Ciò porta a un quarto punto correlato. Un recente libro che esamina i risultati nella fornitura di assistenza sanitaria in 60 Paesi a basso, medio e alto reddito ci ha mostrato che ogni sistema può raccontare molte storie di successo[2]. Si va dalla donazione e trapianti di organi in Spagna a sistemi di allerta precoce per l’aggravamento dei pazienti in Australia e Qatar, alla realizzazione di standard minimi richiesti in Afghanistan, al miglioramento delle tecnologie informatiche a Taiwan, alla diffusione di assicurazioni sanitarie basate sulla comunità in Ruanda. Questi risultati apparentemente molto diversi hanno quattro fattori comuni: iniziare con iniziative su piccola scala per poi allargare l’intervento; raccogliere i dati e fornirli ai decisori politici; ricordarsi che il modello di eroe solitario in sanità non funziona e che la collaborazione è alla base di tutti i cambiamenti produttivi; e avendo sempre il paziente al centro di qualsiasi intervento di riforma.
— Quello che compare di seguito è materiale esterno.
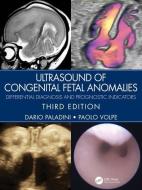 Ultrasound Of Congenital Fetal Anomalies di Dario Paladini, Paolo Volpe edito da Taylor & Francis Ltd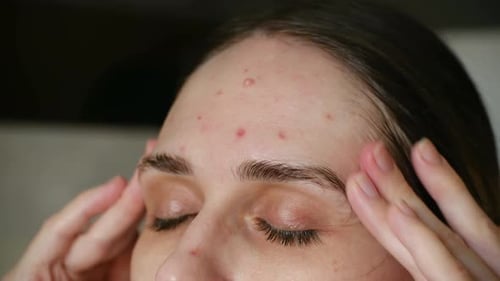 Closeup of Skin Irritation Macro Shot Capturing Emotional Response to Skin Blemishes and Discomfort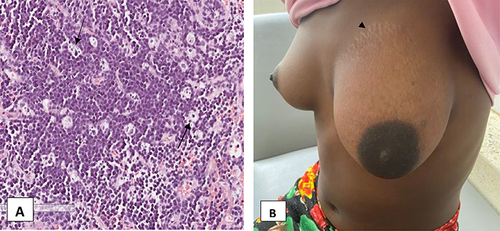 Figure 2 (A) (x20) shows an H&E stained section of the tumor with medium-sized cells, a high N: C ratio, and numerous tingible body macrophages (black arrows) giving it a characteristic starry sky. (B) shows a reduction in the size of the breast a week after her first cycle of chemotherapy with striae seen on the upper border of the breast (black arrowhead).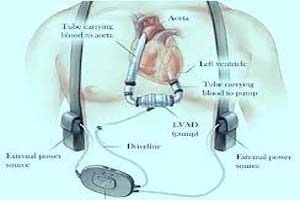 ভেন্ট্রিকুলার সহায়তা ডিভাইস ভারতের দাম ভারত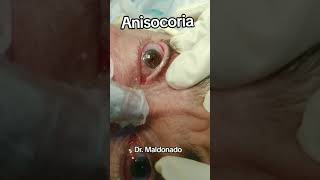 ANISOCORIA medicina seguridad ciencia sabiasque emergency curiosidades tratamientos [upl. by Analla]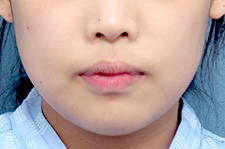 수술 전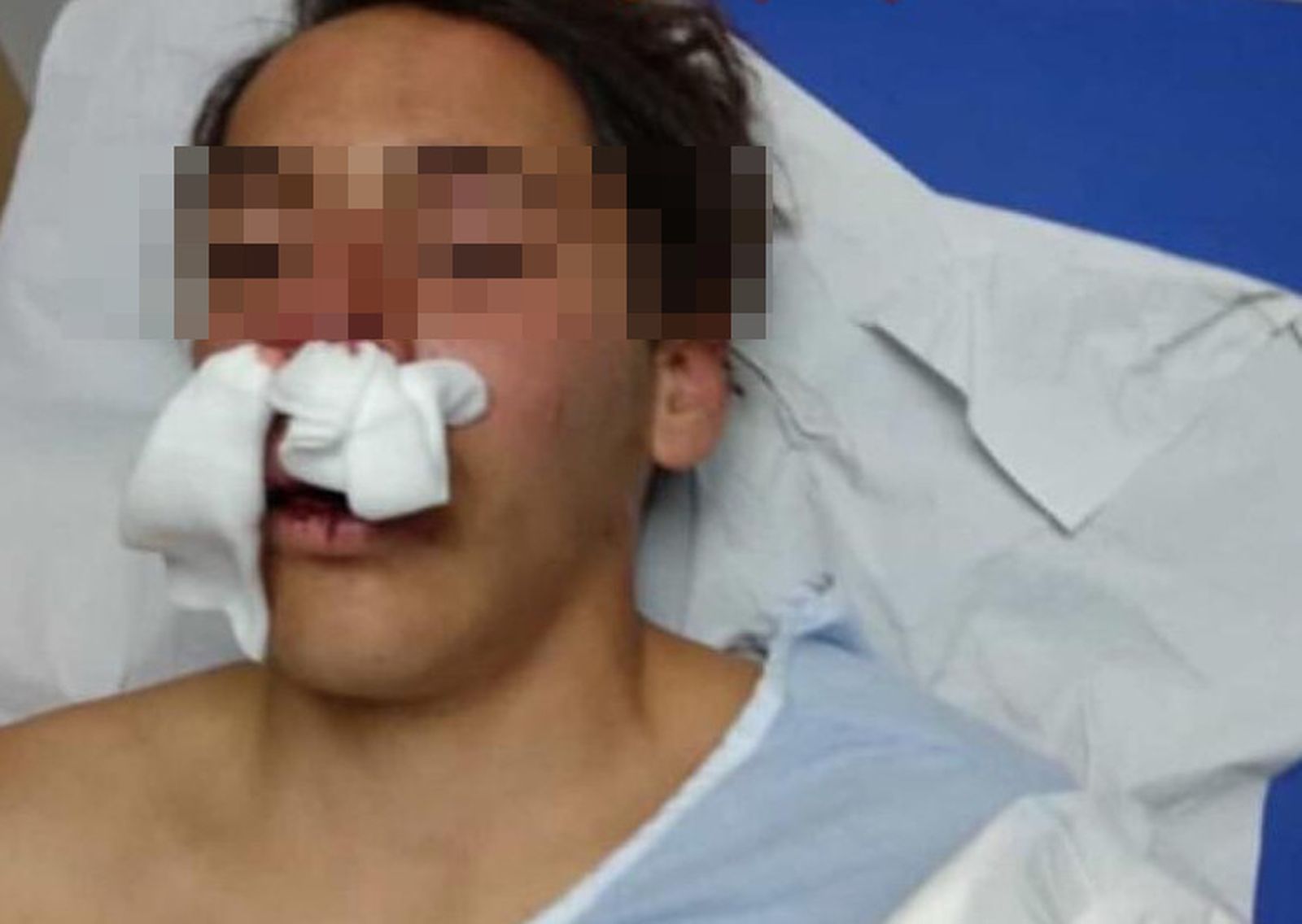 Estado del menor tras la paliza de unos policías en Melilla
Tali idee ispiratrici riflettono il pensiero sulla complessità e non sono necessariamente basate sulla logica riduzionista, causa-effetto.

In quinto luogo, potremmo semplicemente essere più umili nelle nostre aspirazioni. Mettendo da parte il mito dell’inevitabile progresso, dovremmo riconoscere che gli interventi su vasta scala a volte hanno effetti scarsi o nulli e che piccole iniziative possono talvolta produrre risultati imprevisti. Dobbiamo ammettere a noi stessi che non possiamo sapere in anticipo quale si verificherà.
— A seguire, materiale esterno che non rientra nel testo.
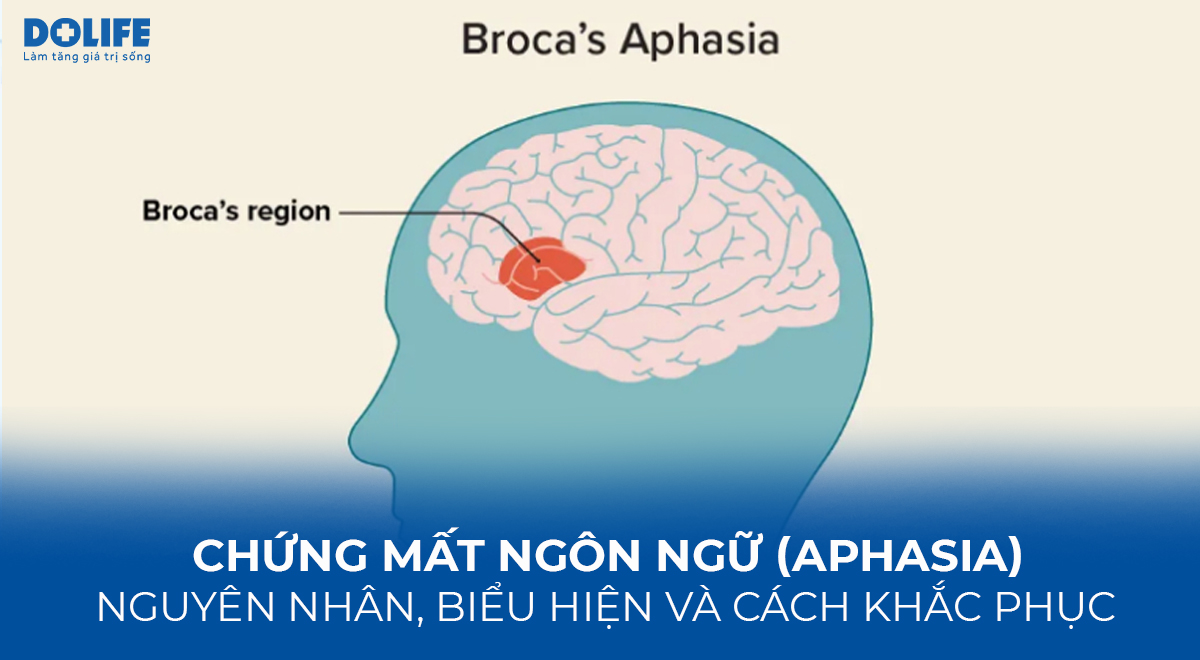 phục hồi chức năng apraxia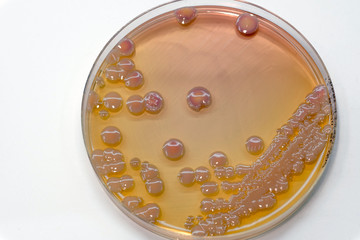 Klebsiella pneumoniae or Klebsiella spp.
In sesto luogo potremmo adottare un nuovo modello mentale che apprezzi la complessità dei sistemi di assistenza e capisca che il cambiamento è sempre imprevedibile, difficile da realizzare e richiede tempo, spesso è tortuoso e deve sempre essere adattato all’ambiente.
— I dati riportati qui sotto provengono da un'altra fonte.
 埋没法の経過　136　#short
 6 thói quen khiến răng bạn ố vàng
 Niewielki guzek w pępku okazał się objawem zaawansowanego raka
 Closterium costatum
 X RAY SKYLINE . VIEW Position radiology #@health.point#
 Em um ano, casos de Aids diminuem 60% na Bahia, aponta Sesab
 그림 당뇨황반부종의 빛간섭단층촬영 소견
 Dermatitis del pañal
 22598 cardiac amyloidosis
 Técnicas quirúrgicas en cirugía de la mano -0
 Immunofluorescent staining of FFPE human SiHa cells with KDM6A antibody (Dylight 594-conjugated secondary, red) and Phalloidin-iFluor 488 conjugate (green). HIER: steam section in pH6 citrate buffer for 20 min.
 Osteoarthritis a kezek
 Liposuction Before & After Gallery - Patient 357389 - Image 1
Dobbiamo trasformare – conclude Braithwaite – l’assistenza sanitaria in un sistema di apprendimento, con i partecipanti in sintonia con le caratteristiche dei contesti e con forti cicli di feedback per cercare di creare lo slancio per il cambiamento. Se costruiamo una prospettiva condivisa e attingiamo a nuovi paradigmi del pensiero, forse possiamo andare oltre le prestazioni degli attuali rigidi sistemi.

Bibliografia

Braithwaite J. Changing how we think about healthcare improvement. BMJ 2018; 361 doi: https://doi.org/10.1136/bmj.k2014
Braithwaite J, Mannion R, Matsuyama Y, et al., eds. Health Systems Improvement Across the Globe. Success Stories from 60 Countries. CRC Press Taylor and Francis Group, 2017.